Herb Roasted Chicken with Dijon Green Beens
By Patlynn
A mustardy compound butter flavors the chicken and the green beans. We sear the chicken skin side down for a crispy, brown skin, and transfer it to the oven to finish cooking. The green beans are then cooked in the empty skillet where they pick up the flavor of the chicken.
Ingredients
- 5 tablespoons unsalted butter, softened
- 2 tablespoons Dijon mustard
- 2 tablespoons minced fresh thyme
- 3 garlic cloves, minced
- Salt and pepper
- 2 teaspoons honey
- 4 (12-ounce) bone-in split chicken breasts, trimmed and halved crosswise
- 2 pounds green beans, trimmed and cut into 2-inch lengths
- 1/4 cup water
Preparation
Step 1
1. Adjust oven rack to lowest position and heat oven to 450 degrees. Combine butter, mustard, thyme, garlic, ½ teaspoon salt, and ½ teaspoon pepper in bowl. Transfer 2 tablespoons butter mixture to second bowl and stir in honey; reserve. Pat chicken dry with paper towels and rub with unsweetened butter mixture. Cook chicken, skin side down, in 12-inch nonstick skillet over medium-high heat until browned, about 5 minutes. Arrange chicken, skin side up, in 13 by 9-inch baking dish and roast until meat registers 160 degrees, about 20 minutes.
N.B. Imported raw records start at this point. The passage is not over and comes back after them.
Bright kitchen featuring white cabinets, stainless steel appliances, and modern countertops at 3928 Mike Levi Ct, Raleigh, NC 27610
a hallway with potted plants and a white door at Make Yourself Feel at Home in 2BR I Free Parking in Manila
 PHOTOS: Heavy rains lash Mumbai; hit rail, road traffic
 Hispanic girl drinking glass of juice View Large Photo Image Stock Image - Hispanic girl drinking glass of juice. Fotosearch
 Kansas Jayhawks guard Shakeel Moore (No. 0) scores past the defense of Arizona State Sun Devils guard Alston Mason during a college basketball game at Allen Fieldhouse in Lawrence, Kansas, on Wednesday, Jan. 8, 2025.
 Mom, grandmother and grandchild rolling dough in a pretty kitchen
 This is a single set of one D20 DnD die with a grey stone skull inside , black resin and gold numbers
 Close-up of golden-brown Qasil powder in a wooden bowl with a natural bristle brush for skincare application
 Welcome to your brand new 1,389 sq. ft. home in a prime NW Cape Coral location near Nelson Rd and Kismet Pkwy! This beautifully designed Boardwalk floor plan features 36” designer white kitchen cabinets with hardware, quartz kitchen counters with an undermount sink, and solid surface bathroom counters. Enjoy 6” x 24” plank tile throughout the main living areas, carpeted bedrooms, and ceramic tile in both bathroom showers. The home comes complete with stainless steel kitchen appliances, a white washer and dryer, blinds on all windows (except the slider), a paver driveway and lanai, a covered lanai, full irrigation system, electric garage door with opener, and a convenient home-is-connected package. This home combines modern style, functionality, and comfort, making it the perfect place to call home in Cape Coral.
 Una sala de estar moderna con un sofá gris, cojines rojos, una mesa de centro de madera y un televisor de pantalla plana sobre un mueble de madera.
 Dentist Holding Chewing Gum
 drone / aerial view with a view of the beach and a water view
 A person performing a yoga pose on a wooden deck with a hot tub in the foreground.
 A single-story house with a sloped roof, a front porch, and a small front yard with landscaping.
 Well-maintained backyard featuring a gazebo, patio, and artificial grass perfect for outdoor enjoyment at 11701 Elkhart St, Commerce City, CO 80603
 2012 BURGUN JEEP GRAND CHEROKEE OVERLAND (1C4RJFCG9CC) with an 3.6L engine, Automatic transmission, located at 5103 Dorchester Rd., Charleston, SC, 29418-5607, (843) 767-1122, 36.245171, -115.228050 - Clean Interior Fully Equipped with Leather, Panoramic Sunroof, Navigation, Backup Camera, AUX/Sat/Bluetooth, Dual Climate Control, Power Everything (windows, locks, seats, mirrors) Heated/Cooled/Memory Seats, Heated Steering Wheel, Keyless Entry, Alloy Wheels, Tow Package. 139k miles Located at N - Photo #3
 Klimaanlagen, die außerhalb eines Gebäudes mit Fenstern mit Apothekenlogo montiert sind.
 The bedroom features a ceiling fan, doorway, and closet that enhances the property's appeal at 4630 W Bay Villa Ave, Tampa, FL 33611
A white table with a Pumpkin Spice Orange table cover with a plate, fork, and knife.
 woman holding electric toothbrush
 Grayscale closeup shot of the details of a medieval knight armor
2. Meanwhile, melt reserved honey butter over medium-high heat in now-empty skillet. Add green beans and cook, stirring occasionally, until spotty brown, 8 to 10 minutes. Stir in water and ½ teaspoon salt, cover, and reduce heat to medium-low. Cook until beans are nearly tender, 3 to 5 minutes. Remove lid and cook until liquid evaporates and beans are tender, about 1 minute. Season with salt and pepper to taste. Serve with chicken.